I'd think the centrifugal switch is hanging up and not opening all the time. It only takes once to kill the start cap. 

As others have said, a single phase motor sized at 1:1 against a 3 phase motor on a recip compressor is the likely root cause of this. It seems to me (hard to follow) that you said the original design ran all day and loaded/unloaded, then you changed it. That would likely have been hard on the 3 phase motor, let alone changing it to single phase. You have increased the duty cycle of the motor, which is part and parcel to the motor selection process on a recip compressor. Yes, HP is HP, but if you increase the duty cycle, you sometimes have to de-rate the motor size. So you may have needed to go to 10HP even if it was 3 phase, maybe 15 single phase, but that would be a rare motor at that point. Even then, the increased number of starts is still going to take a toll on that centrifugal switch. That's why you rarely see single phase compressors that large.

If its a belt drive, and you don't need as much air as it was originally designed for, you could consider changing the sheave ratio to reduce the load on the motor. That might increase the duty cycle however so because it's a single phase motor, would make it worse. A better plan may be to return to something closer to the original design, run the motor longer and just unload it when not being used. You can add what's referred to as a "minimum run timer" to the pressure switch circuit. It's an off-delay timer controlled by the pressure switch so when the pressure drops, the timer closes, then the timer energizes the starter for the compressor. When the pressure switch opens, it drops out the timer coil, but the timer contacts stay closed for the time value, let's say 10 minutes. After 10 minutes, if the pressure switch is still open, the timer contacts open and drop out the starter. If in that 10 minutes the pressure switch had closed again, the compressor kept running. What this does is minimize the number of start-stop cycles that motor is subjected to.

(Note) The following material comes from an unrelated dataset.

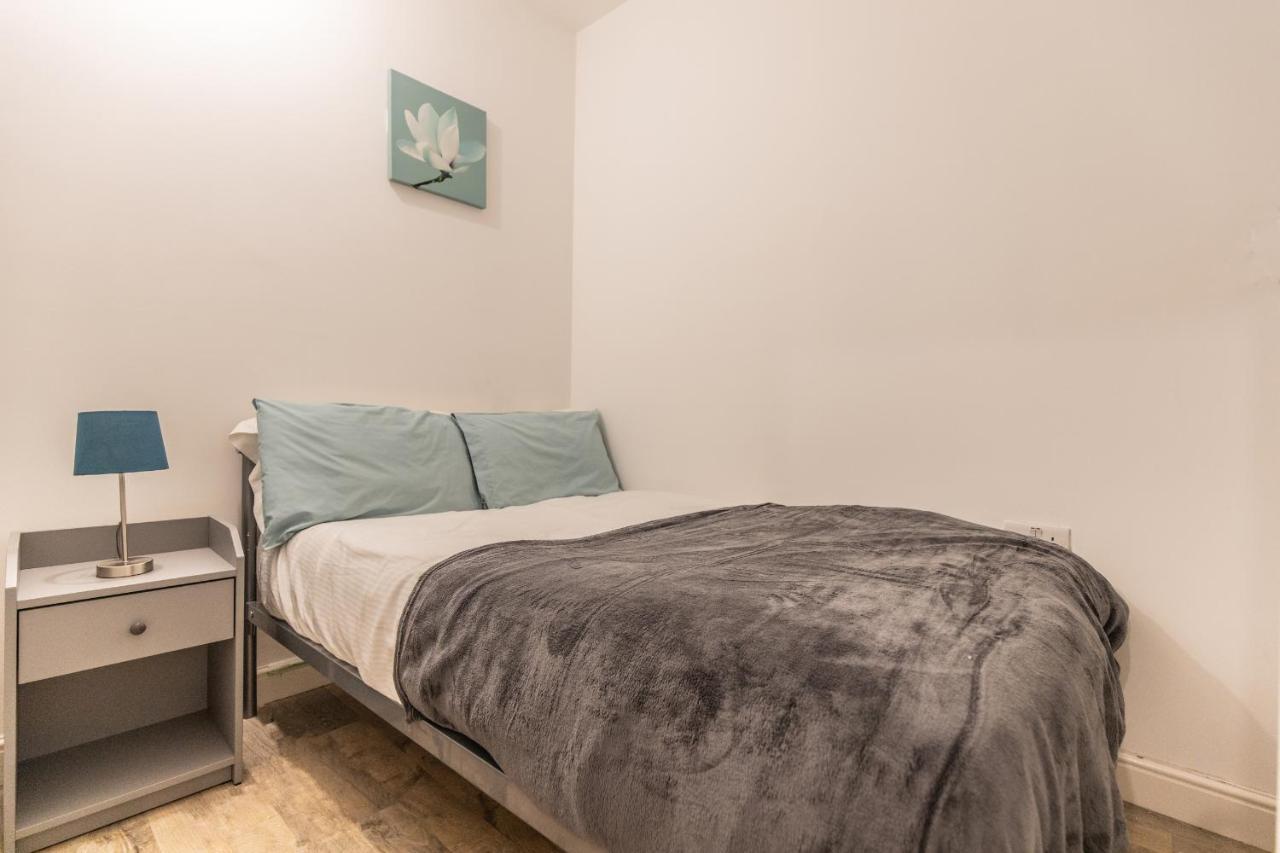 Cosy Modern Apartment, Grand Victorian Building, 5 Mins To Coventry City Centre Exterior foto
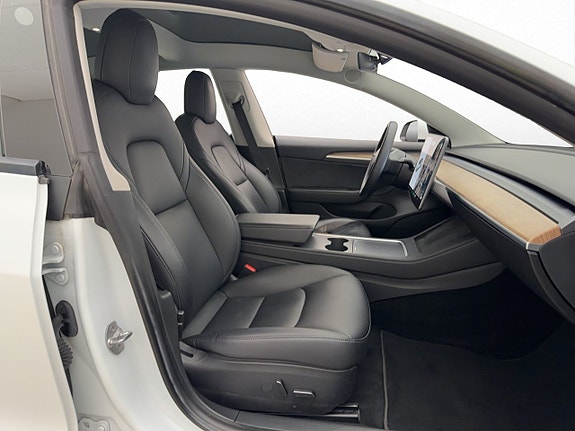 Tesla Model 3 17 of 30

It will also increase the energy consumption. In reality, that might cost more in the long run than getting a compressor professional to come in and evaluate their needs to give them the correct compressor setup to start with. In a lot of areas, the power utility may even offer a rebate to help offset the cost of that! Here in my area of California, air compressor optimization can get you a nice rebate, sometimes enough to make the cost of changing pay for itself in under a year by the energy cost savings.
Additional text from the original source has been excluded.